Выбрать главу
* * *

Давайте подошьем к этому делу биографический отрывок, высвечивающий второй план улитинских перемещений между домом и чужбиной не только в языке, закованном в государственные границы, но и в пересечении рубежей собственной жизни. Улитин отвечал каждому из нас репликами — эхом из собственного опыта — отвечал своей жизнью на сказанные слова. И поэтому так важны свидетельства о его жизни по другую сторону письменного стола — служившего еще и обеденным столом в его домашнем быту. Отсюда он рвался в уличное общение с друзьями-знакомыми, сюда всегда возвращался. Во всех этих перемещениях вдоль улицы Горького, между столиками кафе «Артистическое», на московских журфиксах и бульварных лавочках (у меня с Улитиным были даже встречи в бассейне — «каждый четвертый четверг у четвертого павильона» — на месте разрушенного и еще не восстановленного храма — то, что он называл «школой плавания»), среди всего этого кружения московских разговоров проглядывает еще одна «заграница» — улитинское прошлое. («Прошлое — это другая страна: там ведут себя иначе», как сказал английский писатель Хартли в романе «Посредник».) Речь идет о ежедневном выживании гения из провинции в большом чужом городе — его собственное путешествие без надежды. Вслед за смертью Улитина в 1986 году, его вдова Лариса Аркадьевна прислала мне по почте огромное письмо. Вот отрывок из него — описание жизни Улитина до ареста и после освобождения — глазами жены (он шутливо называл ее «домашней безопасностью»):

…До этого несчастья [ареста в ИФЛИ — 3.3.] он был здоровым парнем, спортсменом, а из больницы [из тюрьмы — 3.3.] вышел полным инвалидом, на костылях. О продолжении учебы не могло быть и речи, и он вернулся к маме в станицу на долечивание. Когда она его более или менее поставила на ноги, он работал учителем в станичной школе. В войне он, естественно, не мог участвовать в силу своей полной инвалидности. После войны они с мамой жили в Москве, вернее, под Москвой, в Малаховке. ИФЛИ тогда уже не существовал, его факультеты (исторический и философский) слились с соответствующими факультетами МТУ, а литературный выделился в самостоятельный Литературный институт. Впрочем, может быть, это было позже, я не знаю. Павлушенька еще в детстве проявлял большой интерес к иностранным языкам: выучил немецкий и французский под руководством мамы. Она была по тем временам очень передовая и образованная женщина (курсистка — окончила в Петербурге Высшие женские курсы и снова вернулась «в народ»). Она ведь родилась еще в 1877 году, а его родила когда ей был уже 41 год, он был «поздний ребенок».
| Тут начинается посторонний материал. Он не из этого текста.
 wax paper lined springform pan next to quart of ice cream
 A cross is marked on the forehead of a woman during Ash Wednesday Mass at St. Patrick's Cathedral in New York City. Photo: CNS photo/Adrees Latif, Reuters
Английский он выучил позднее, самостоятельно, свободно читал, но, чтобы усовершенствоваться в устной речи и получить диплом, поступил в экстернат МГПИИЯ, где я тогда училась. Он ходил на практические занятия в мою группу, там мы и познакомились в 47 году (а может быть в 46-м? — в вузе ведь считались учебные, а не календарные годы). Он был значительно старше девочек нашей группы, гораздо серьезней, умнее и начитаннее, used (and even abused) every opportunity of speaking English, и, разумеется, забивал всех своей эрудицией и смелостью убеждений. Девочки начали роптать: почему он ходит именно в нашу группу, он никому не дает слова сказать и т. д., и т. п. Я, конечно, тут же заступилась за несправедливо обиженного (немолодой, с моей тогдашней точки зрения, человек, инвалид, видимо бедный и одинокий, умный и серьезный — как же было не вступиться?). Он мне не нравился тогда, казался каким-то нелепым, тяжеловесным и странным. Но я готова была лечь костьми за справедливость и всегда защищала «lame ducks». На сей раз «lame duck was lame» и в переносном и в прямом смысле. Я была старостой группы, отличницей, членом комсомольского бюро, и т. д. и т. п., года на 2–3 старше своих сокурсниц и всем своим авторитетом обрушилась на бунтовщиц. Меня поддержали преподаватели, и девочки были посрамлены и даже пристыжены. Справедливость восторжествовала, а «the lame duck», очевидно, воспылал ко мне благодарностью, а, возможно, и более нежными чувствами.